- [TASK INSTRUCTIONS]: Below are lines of data, and only some are wanted. Please repeat exactly those from the line that has "Large eye t" through the line that has "Tiger Art In".
──────────
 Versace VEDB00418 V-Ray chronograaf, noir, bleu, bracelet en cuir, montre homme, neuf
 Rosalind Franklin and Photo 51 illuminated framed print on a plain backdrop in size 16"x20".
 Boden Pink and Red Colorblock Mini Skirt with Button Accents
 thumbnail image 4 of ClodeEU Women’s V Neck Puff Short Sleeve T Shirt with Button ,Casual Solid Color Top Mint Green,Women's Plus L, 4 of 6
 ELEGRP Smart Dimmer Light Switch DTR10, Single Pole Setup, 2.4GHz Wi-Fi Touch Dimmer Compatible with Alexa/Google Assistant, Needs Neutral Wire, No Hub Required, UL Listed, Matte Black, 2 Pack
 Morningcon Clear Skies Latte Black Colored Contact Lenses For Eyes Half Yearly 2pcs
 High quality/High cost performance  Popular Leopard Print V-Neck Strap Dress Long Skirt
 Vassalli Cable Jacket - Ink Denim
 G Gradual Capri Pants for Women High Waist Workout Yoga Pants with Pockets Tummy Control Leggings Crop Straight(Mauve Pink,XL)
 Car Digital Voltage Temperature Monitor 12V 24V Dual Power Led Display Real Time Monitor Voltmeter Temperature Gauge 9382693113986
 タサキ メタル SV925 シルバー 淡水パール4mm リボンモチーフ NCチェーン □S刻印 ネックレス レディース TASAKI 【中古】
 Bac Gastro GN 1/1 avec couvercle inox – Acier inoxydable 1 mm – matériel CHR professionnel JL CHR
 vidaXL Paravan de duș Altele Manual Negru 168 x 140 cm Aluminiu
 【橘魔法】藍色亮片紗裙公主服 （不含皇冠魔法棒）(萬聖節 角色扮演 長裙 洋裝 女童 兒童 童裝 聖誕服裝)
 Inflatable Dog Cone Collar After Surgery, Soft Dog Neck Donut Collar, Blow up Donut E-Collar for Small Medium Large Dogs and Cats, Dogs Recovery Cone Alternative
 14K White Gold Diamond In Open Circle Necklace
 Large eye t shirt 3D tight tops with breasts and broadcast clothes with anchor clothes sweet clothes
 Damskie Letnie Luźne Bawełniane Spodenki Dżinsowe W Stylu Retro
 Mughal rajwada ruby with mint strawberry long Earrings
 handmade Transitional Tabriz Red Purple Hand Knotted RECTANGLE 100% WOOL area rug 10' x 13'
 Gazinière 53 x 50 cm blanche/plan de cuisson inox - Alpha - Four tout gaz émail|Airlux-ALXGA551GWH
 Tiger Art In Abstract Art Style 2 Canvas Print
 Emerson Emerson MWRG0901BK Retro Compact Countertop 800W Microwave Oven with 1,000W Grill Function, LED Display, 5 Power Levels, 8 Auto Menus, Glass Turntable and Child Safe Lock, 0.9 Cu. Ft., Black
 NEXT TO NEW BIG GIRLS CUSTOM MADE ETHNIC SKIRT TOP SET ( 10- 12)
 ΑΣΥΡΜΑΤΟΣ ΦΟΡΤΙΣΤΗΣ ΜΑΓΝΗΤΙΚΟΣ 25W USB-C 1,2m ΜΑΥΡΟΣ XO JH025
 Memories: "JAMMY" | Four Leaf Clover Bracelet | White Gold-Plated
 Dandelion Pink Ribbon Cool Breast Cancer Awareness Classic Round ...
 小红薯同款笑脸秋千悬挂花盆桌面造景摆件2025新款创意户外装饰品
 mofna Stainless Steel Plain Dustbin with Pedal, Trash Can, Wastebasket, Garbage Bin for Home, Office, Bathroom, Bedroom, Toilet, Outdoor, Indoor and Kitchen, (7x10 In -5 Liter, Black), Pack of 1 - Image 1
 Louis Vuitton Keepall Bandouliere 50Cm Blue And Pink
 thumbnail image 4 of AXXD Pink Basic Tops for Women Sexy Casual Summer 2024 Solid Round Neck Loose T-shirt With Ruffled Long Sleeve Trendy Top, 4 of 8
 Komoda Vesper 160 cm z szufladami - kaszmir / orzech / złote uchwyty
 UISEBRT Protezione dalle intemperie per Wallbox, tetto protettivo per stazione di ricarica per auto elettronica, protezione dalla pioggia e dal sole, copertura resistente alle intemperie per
──────────
- [YOUR RESPONSE]:
 Large eye t shirt 3D tight tops with breasts and broadcast clothes with anchor clothes sweet clothes
 Damskie Letnie Luźne Bawełniane Spodenki Dżinsowe W Stylu Retro
 Mughal rajwada ruby with mint strawberry long Earrings
 handmade Transitional Tabriz Red Purple Hand Knotted RECTANGLE 100% WOOL area rug 10' x 13'
 Gazinière 53 x 50 cm blanche/plan de cuisson inox - Alpha - Four tout gaz émail|Airlux-ALXGA551GWH
 Tiger Art In Abstract Art Style 2 Canvas Print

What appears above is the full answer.